What you will do: A letter-for-letter copy of the listing is required, with no pictures in it.

--- Exercise data ---

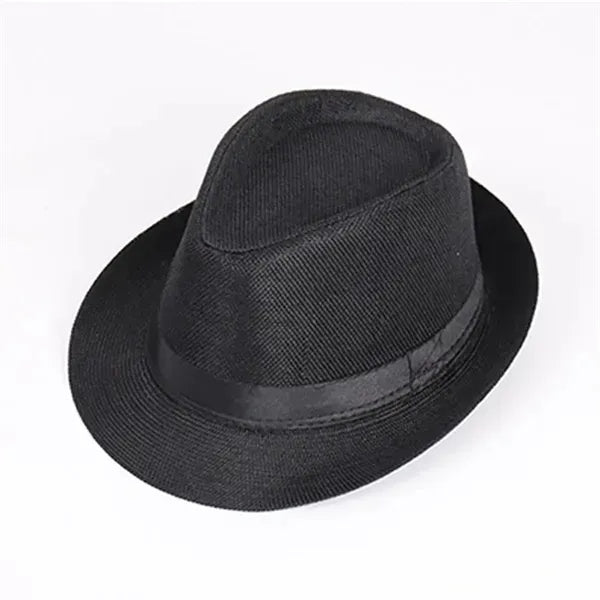 Vintage Short Brim Hemp Hat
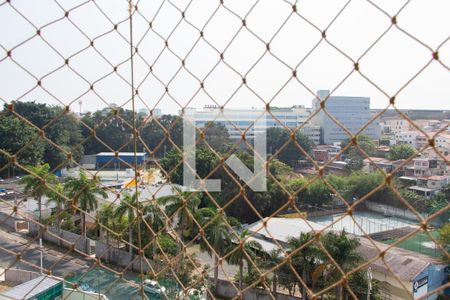 VISTA DA SACADA de apartamento para alugar com 2 quartos, 66m² em Vila Industrial, Campinas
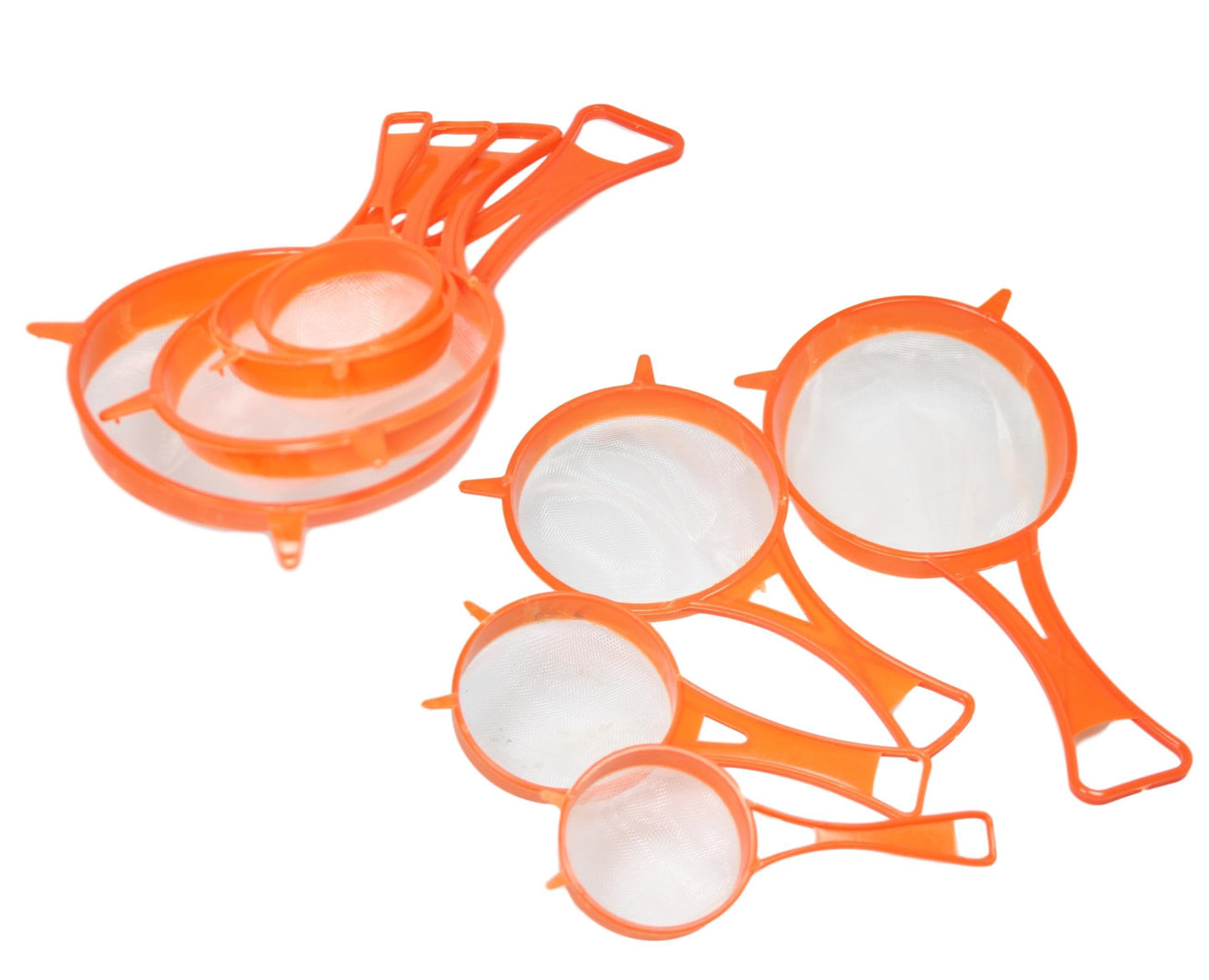 Plastic Kitchen Mesh Sieve Strainer Set of 4 Assorted Colours 5238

---

Result of this task:
 Vintage Short Brim Hemp Hat
 VISTA DA SACADA de apartamento para alugar com 2 quartos, 66m² em Vila Industrial, Campinas
 Plastic Kitchen Mesh Sieve Strainer Set of 4 Assorted Colours 5238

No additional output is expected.